• _Problem requirements_:
Copy exactly the lines of the data below, beginning with the line with "So this is the" and ending with the line with "Hello, this is". Pictures are to be omitted.

• _Raw data_:
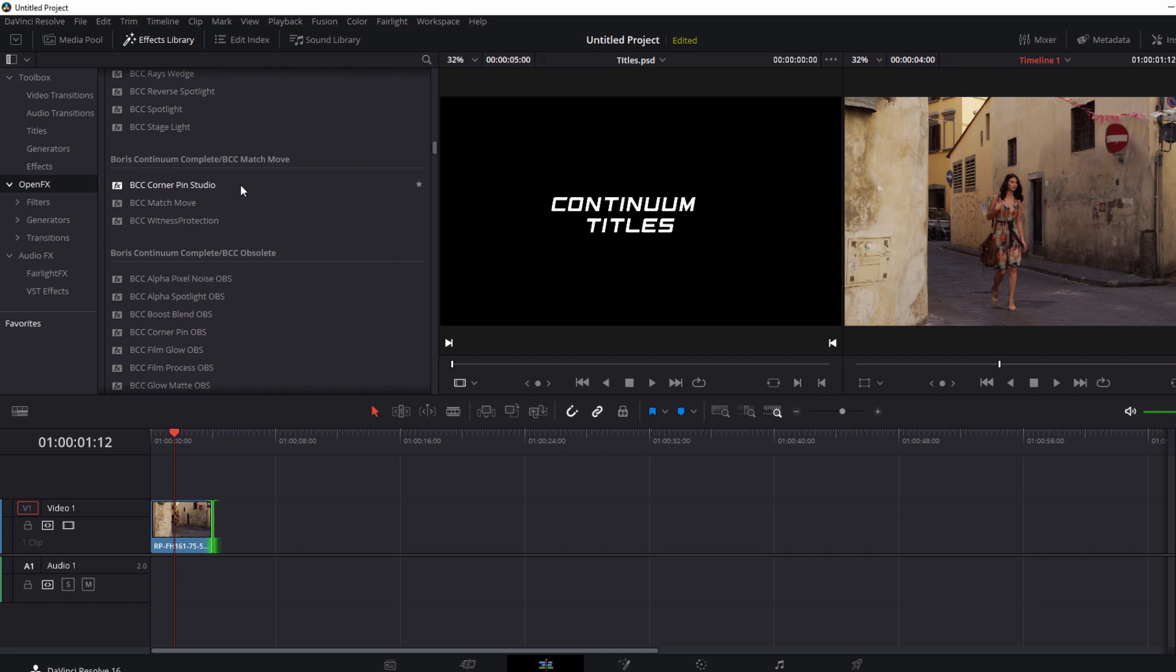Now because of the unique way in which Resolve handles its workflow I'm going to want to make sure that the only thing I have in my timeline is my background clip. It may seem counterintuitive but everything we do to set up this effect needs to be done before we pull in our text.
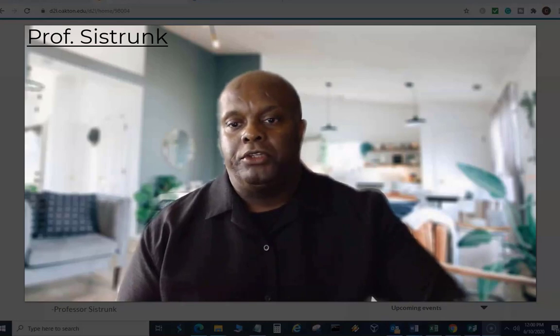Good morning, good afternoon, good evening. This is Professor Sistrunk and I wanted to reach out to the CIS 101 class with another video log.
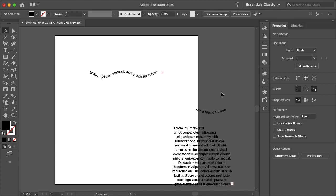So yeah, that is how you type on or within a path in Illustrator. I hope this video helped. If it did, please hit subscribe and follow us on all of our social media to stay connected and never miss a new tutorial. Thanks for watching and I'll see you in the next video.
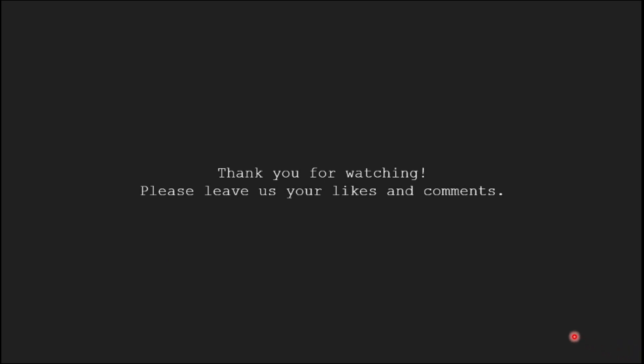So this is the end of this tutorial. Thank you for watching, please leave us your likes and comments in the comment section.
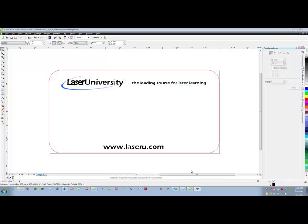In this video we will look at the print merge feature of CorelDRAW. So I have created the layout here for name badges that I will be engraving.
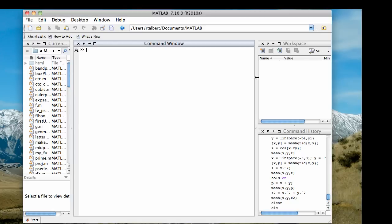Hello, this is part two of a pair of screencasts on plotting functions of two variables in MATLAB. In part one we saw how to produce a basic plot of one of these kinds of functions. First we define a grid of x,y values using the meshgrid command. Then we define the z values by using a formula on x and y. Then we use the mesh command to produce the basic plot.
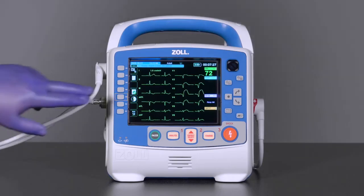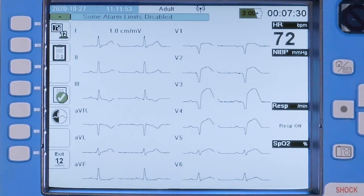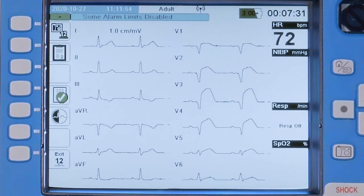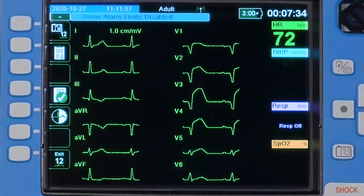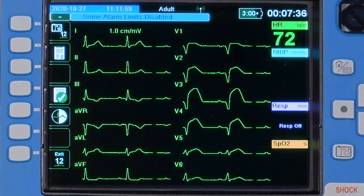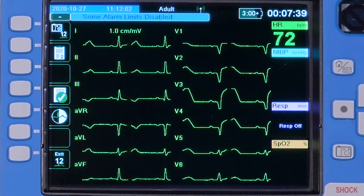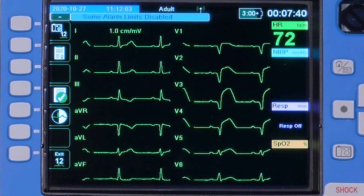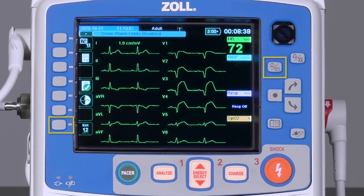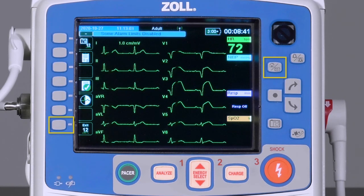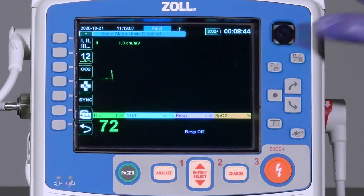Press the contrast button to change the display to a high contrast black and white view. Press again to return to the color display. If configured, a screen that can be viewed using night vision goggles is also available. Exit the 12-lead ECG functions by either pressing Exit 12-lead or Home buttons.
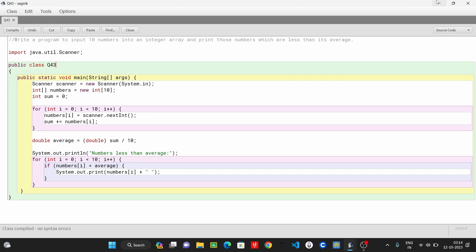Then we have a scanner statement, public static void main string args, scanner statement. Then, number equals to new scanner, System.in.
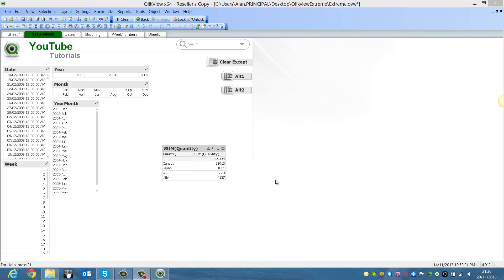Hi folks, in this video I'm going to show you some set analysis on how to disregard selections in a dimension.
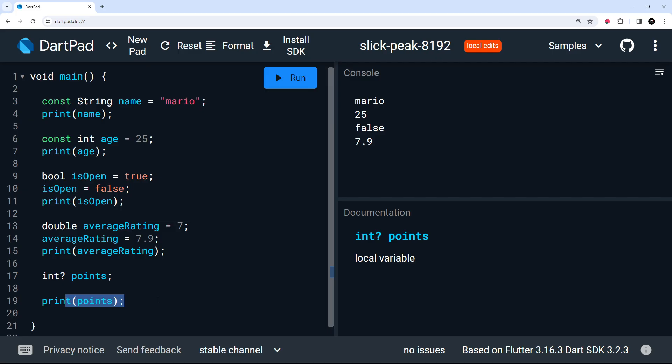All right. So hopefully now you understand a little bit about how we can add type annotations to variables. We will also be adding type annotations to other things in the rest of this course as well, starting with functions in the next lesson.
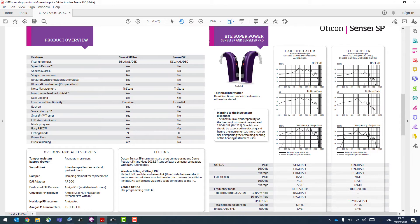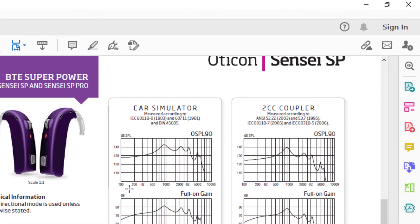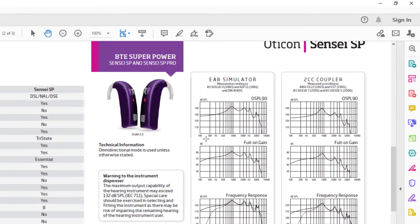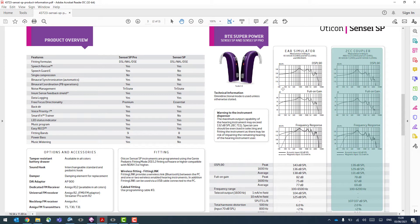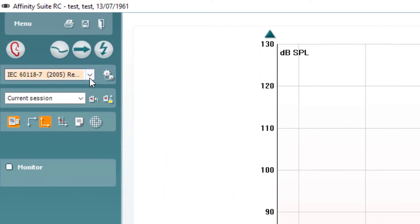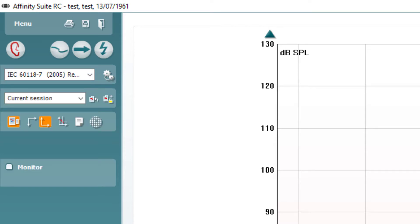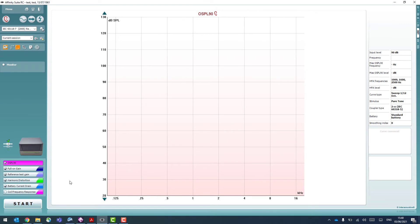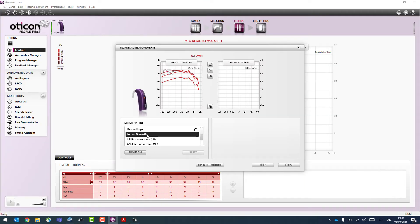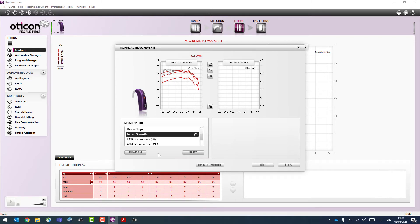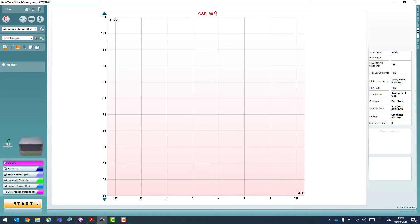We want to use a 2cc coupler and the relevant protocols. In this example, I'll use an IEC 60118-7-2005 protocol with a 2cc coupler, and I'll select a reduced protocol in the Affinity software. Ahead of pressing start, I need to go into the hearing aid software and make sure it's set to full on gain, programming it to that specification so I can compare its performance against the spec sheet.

• _Answer area_:
So this is the end of this tutorial. Thank you for watching, please leave us your likes and comments in the comment section.
In this video we will look at the print merge feature of CorelDRAW. So I have created the layout here for name badges that I will be engraving.
Hello, this is part two of a pair of screencasts on plotting functions of two variables in MATLAB. In part one we saw how to produce a basic plot of one of these kinds of functions. First we define a grid of x,y values using the meshgrid command. Then we define the z values by using a formula on x and y. Then we use the mesh command to produce the basic plot.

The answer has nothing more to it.